Aufregend geht es gleich zu Beginn des Fernwanderwegs los, am Formarinsee in 1.793 Meter Höhe. Dort müssen sich die zwischen Felsvorsprüngen, Alpenrosen und Edelweiß hervorsprudelnden Bäche erst einmal zu einem breiteren Rinnsal sammeln, das dann sanft Richtung Lech am Arlberg fließt. Hinter den schindelverkleideten Hotelpalästen und blumenumrankten Häusern des mondänen Urlaubsortes geht es hoch über einem Canyon weiter nach Warth und via Steeg ins charmante Holzgau. Ganz in der Nähe gabelt sich dann der Weg. So wollten seine Planer jenen Wanderern eine Alternative bieten, die sich vor der 200 Meter langen Hängebrücke ängstigen, die sich in 110 Metern Höhe über das Höhenbachtal spannt. Wer indessen Gefallen an Schaukelbrücken findet, sollte im lechabwärts gelegenen Reutte einen Abstecher zur 403 Meter langen Fußgängerbrücke „highline179“ einplanen, die die Ruine Ehrenberg mit dem Fort Claudia verbindet.

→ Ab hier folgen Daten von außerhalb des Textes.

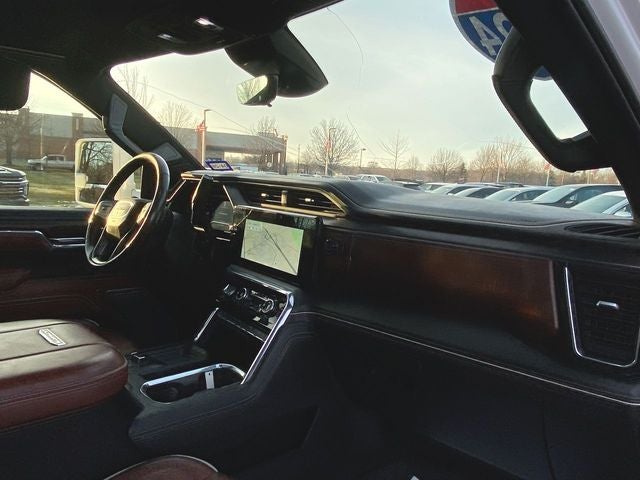 2024 GMC Sierra 3500HD Denali Ultimate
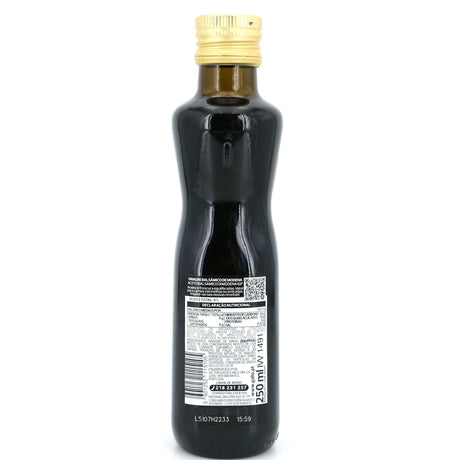 Balsamico de Modena Essig Gallo hinten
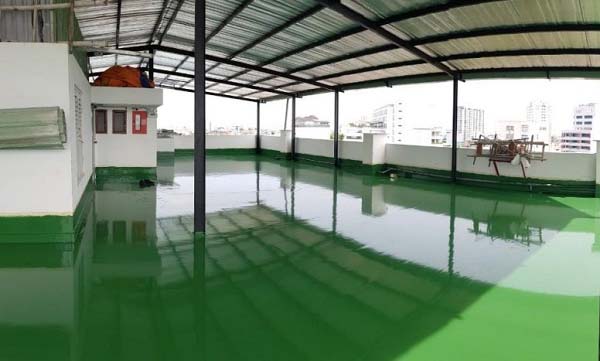khái niệm chống thấm polyurethane là gì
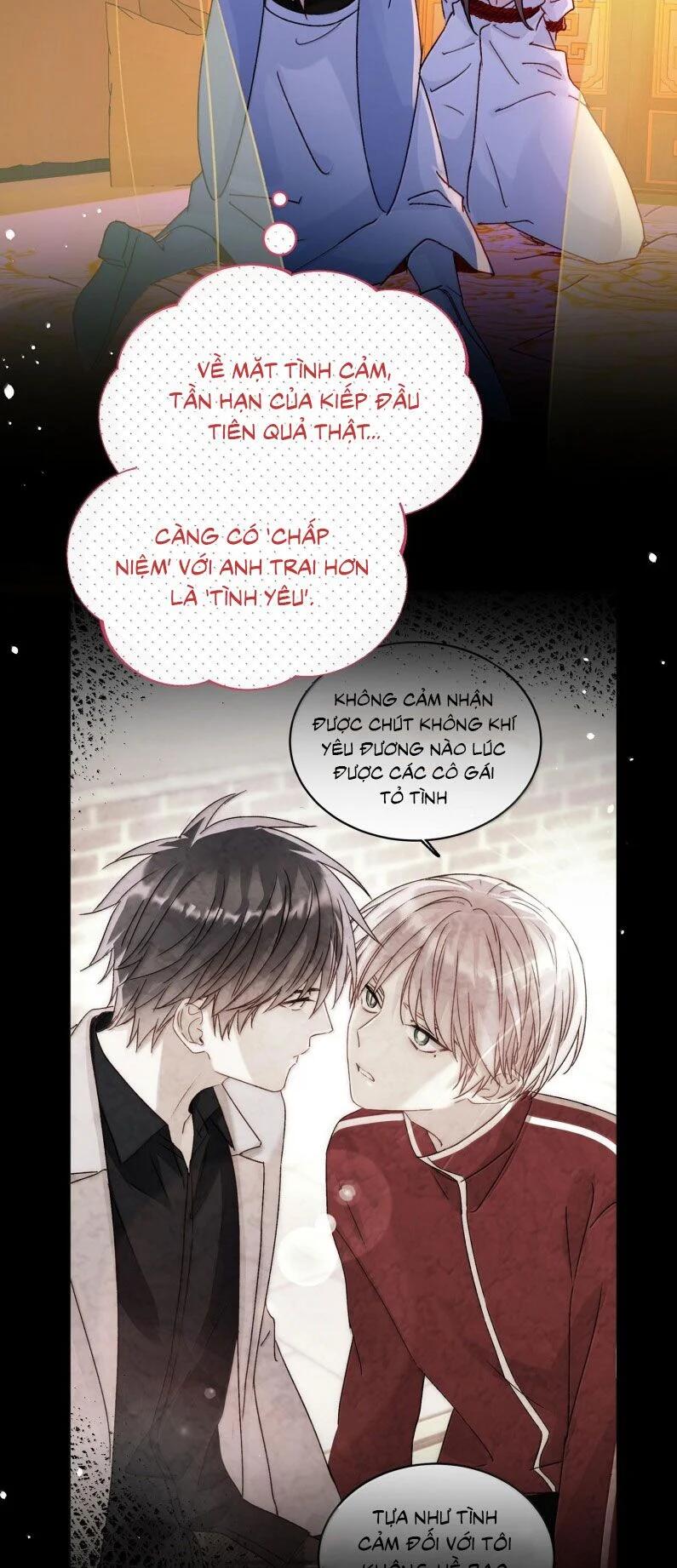 tôi phải làm 1 kẻ đại xấu xa Chapter 133 - Next Chapter 134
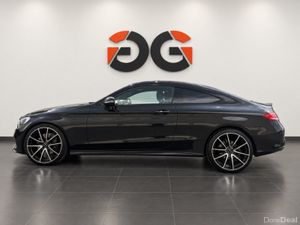 Mercedes-Benz C-Class 2.1 AUTO  AMG LINE PREMIUM P - Image 2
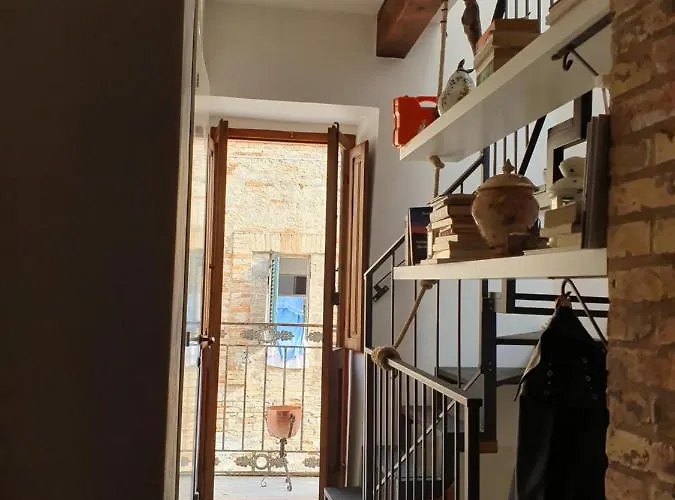 La Dimora Del Cont'orto Daire Giulianova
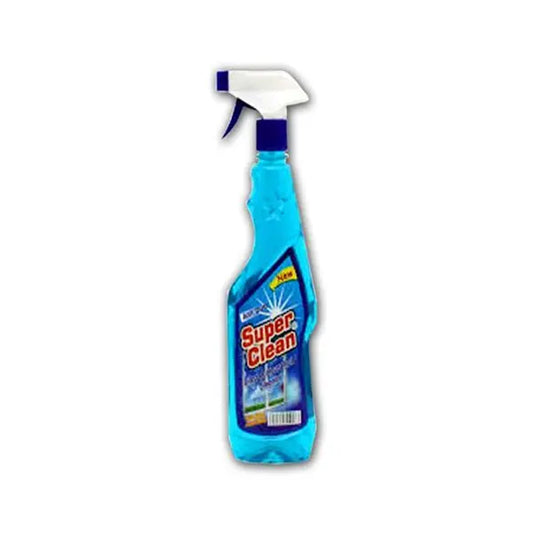 Super Clean Glass & House Cleaner 500Ml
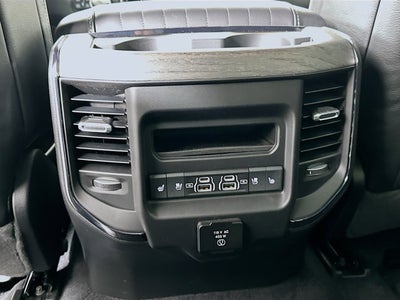 2026 RAM Ram 1500 RAM 1500 LIMITED CREW CAB 4X4 5'7' BOX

Vorher jedoch warten noch andere Höhepunkte. Hinter Holzgau und Bach zieht der mittlerweile stattliche Lech in weiten Schleifen seine Bahn durch das breiter werdende Tal, bildet Kiesel- und Geröllbänke sowie Inseln aus. Unsere Wandergruppe überlegt, einen diesbezüglich besonders ausgeprägten Flussabschnitt, den Lechzopf, vom erhabenen Baichlstein aus zu betrachten. Doch die Beine sind schwer vom Wandern und das Angebot von Toni Selb zu verlockend. Da seine „Pension Waldhof Lechtal“ nur Frühstück bietet und der Koch im örtlichen Restaurant ausfällt, kutschiert er uns ins zehn Kilometer entfernte Weißenbach. „Service des Hauses“, nennt er das. Bei einer nächtlichen Runde Lechweg-Bier, exklusiv und regional gebraut, kommen wir noch ins Reden. „Der Lechweg“, so Toni, „hat uns viel gebracht, sorgt er doch auch unter der Woche für Auslastung.“ Besonders freut er sich mit seiner Frau Doris über die zunehmenden „Wiederholungstäter“, also Lechweg-Wanderer, die Folgeurlaube buchen. Bei Doris und Toni als Basislager.

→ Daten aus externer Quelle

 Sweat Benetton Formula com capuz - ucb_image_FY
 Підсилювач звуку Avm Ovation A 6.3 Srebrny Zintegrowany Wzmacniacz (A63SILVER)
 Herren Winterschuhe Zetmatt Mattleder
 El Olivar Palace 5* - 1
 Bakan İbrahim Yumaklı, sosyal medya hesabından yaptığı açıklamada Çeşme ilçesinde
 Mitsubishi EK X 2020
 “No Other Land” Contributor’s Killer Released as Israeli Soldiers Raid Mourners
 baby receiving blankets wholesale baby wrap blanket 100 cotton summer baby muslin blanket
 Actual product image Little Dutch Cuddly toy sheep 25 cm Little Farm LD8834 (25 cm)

Am nächsten Tag offenbart das wolkenlose Wetter ein Manko: Der Lechweg führt immer wieder durch Passagen, die eine nicht mehr ganz hochstehende Sonne schlecht erreichen kann. Daher sehnen wir uns ab und an nach erhabeneren Wegen – und schlagen etwa den Orchideenleiterweg ein. Von oben blicken wir dann auch immer wieder auf die Lechauen, wo der Wildfluss auf einer Breite von bis zu 400 Metern nach Lust und Laune mit Zehntausenden Tonnen Geröll spielt, ungehindert Schotterbänke formt und mit häufigem Hochwasser auch wieder zerstören durfte. Und dennoch so viel Leben ermöglicht. Infotafeln, Faltkarten und das Begleitheft erwähnen bis zu 600 Jahre alte Wacholderbäume, Flussregenpfeifer, Flussuferwolfsspinnen und das mit 5.000 Pflanzen größte Frauenschuhvorkommen Österreichs bei Martinau. Was uns wohl im breiter werdenden Talkessel von Reutte erwartet? Das Infomaterial kündigt auf den knapp 30 Kilometern nach Wängle-Hinterbichl verstärkte Siedlungsdichte an. Doch der Weg führt galant um Häuser herum und recht anspruchsvoll hinauf zum verträumten Frauensee, wo der Sundowner wichtige Impulse für die letzten Tageskilometer gibt. Das beste Getränk der Tour aber ist das „Wir haben’s tatsächlich geschafft“-Getränk, das tags darauf auf der Terrasse des familiären Wohlfühl-Hotels „Rübezahl“ kurz hinter der Füssener Altstadt ansteht. Irre, wie sensationell eine Spezi nach so vielen Wanderkilometern schmecken kann!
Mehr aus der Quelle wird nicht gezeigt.